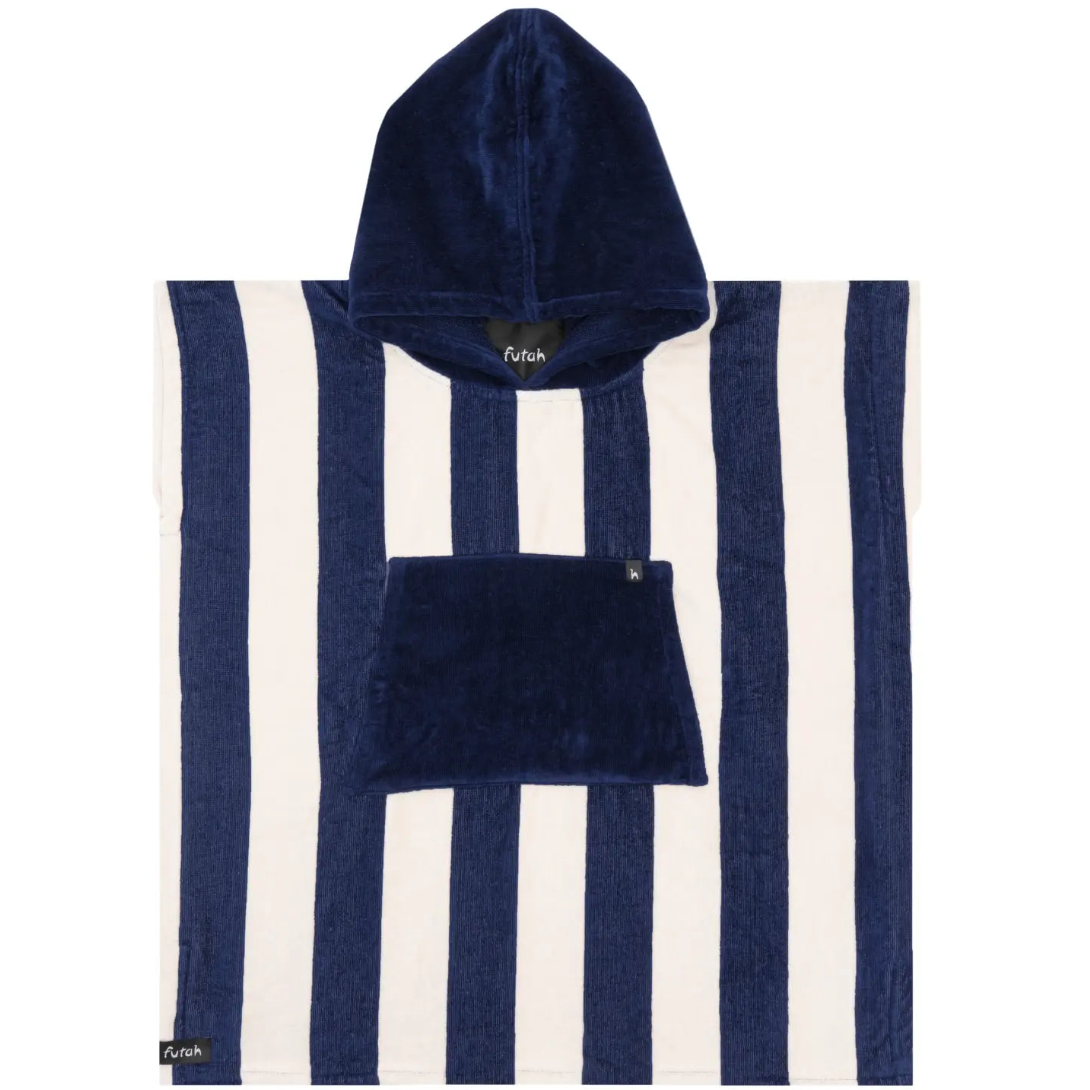 Bedu Terry Kids Poncho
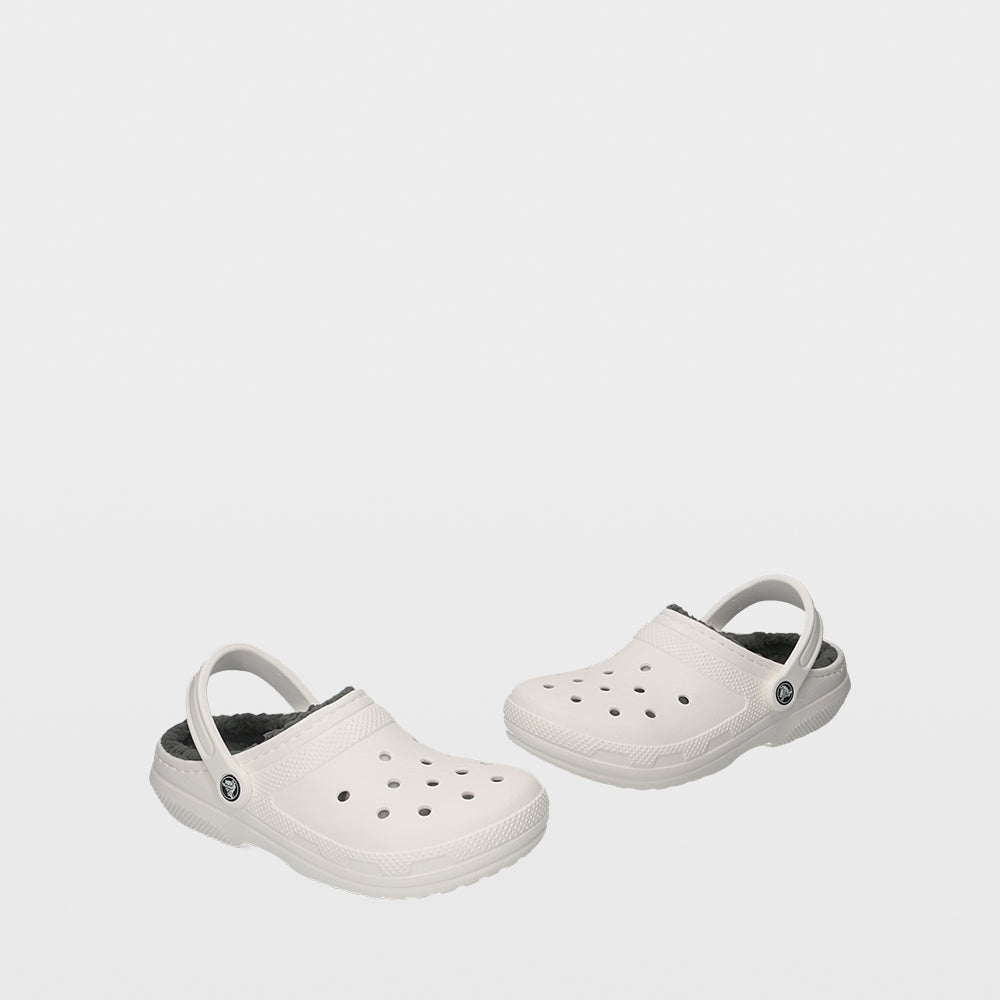 Crocs Classic Lined - Zuecos con pelo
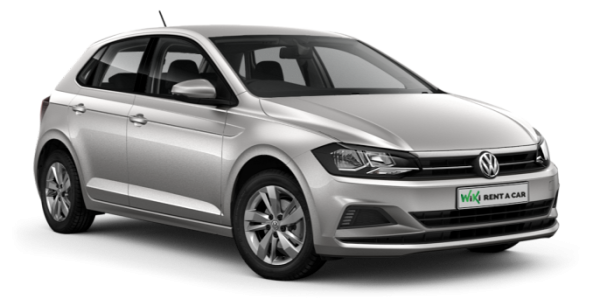 VOLKSWAGEN POLO ADVANCE A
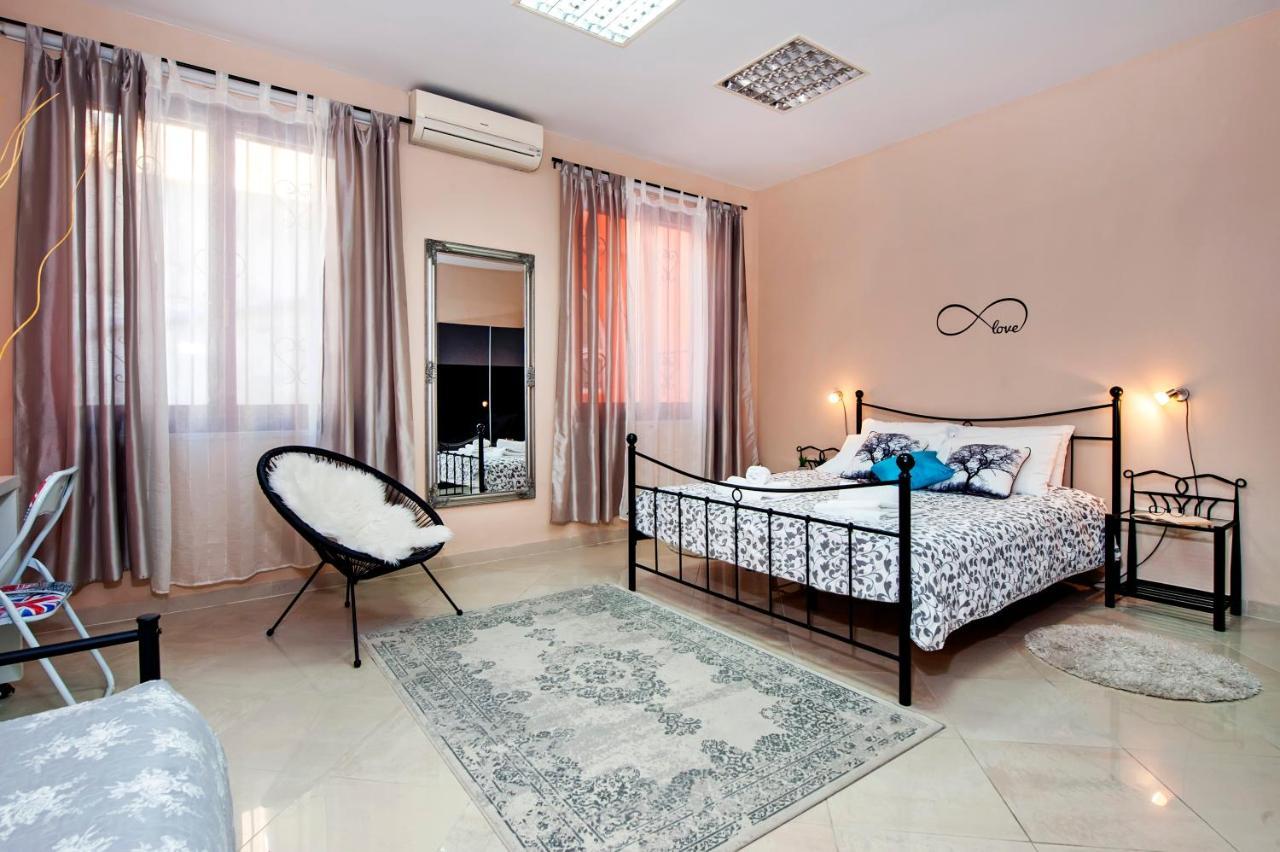 Rovinj City Apartment Bagian luar foto
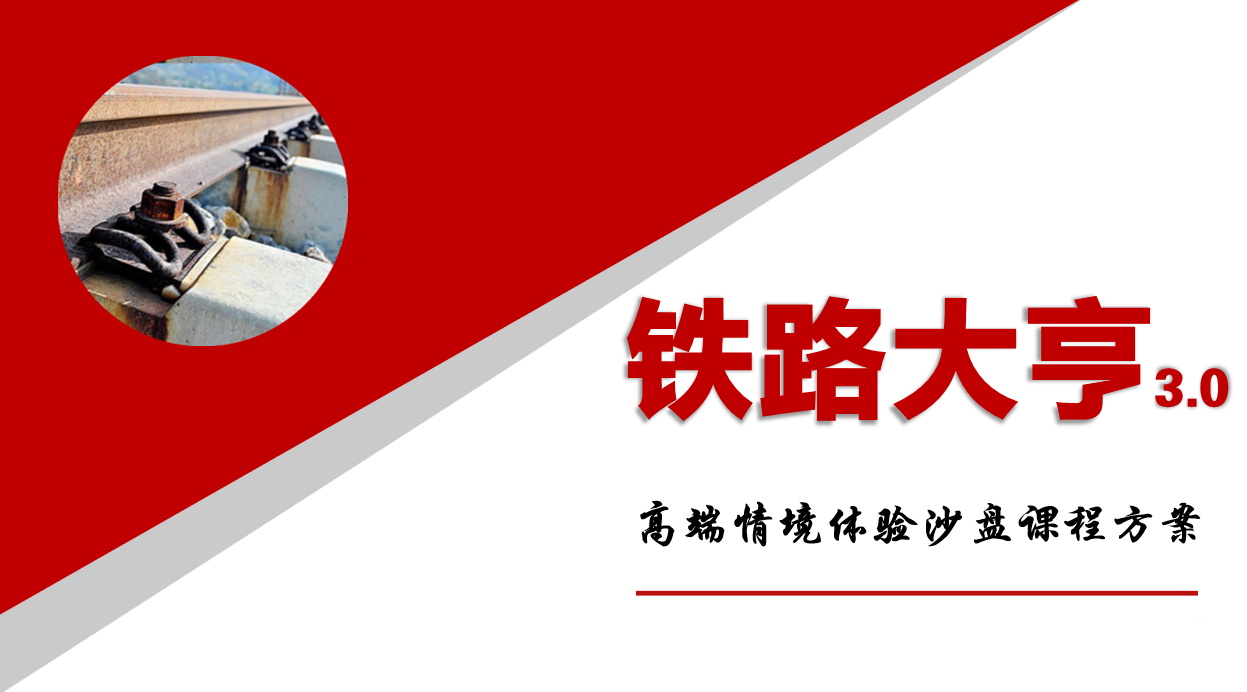 《鐵路大亨》高端情境體驗沙盤(pán)課程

== TASK TO CARRY OUT ==
Exactly as they appear above, write out all the entries, but not the images.

== COMPLETED TASK ==
 Bedu Terry Kids Poncho
 Crocs Classic Lined - Zuecos con pelo
 VOLKSWAGEN POLO ADVANCE A
 Rovinj City Apartment Bagian luar foto
 《鐵路大亨》高端情境體驗沙盤(pán)課程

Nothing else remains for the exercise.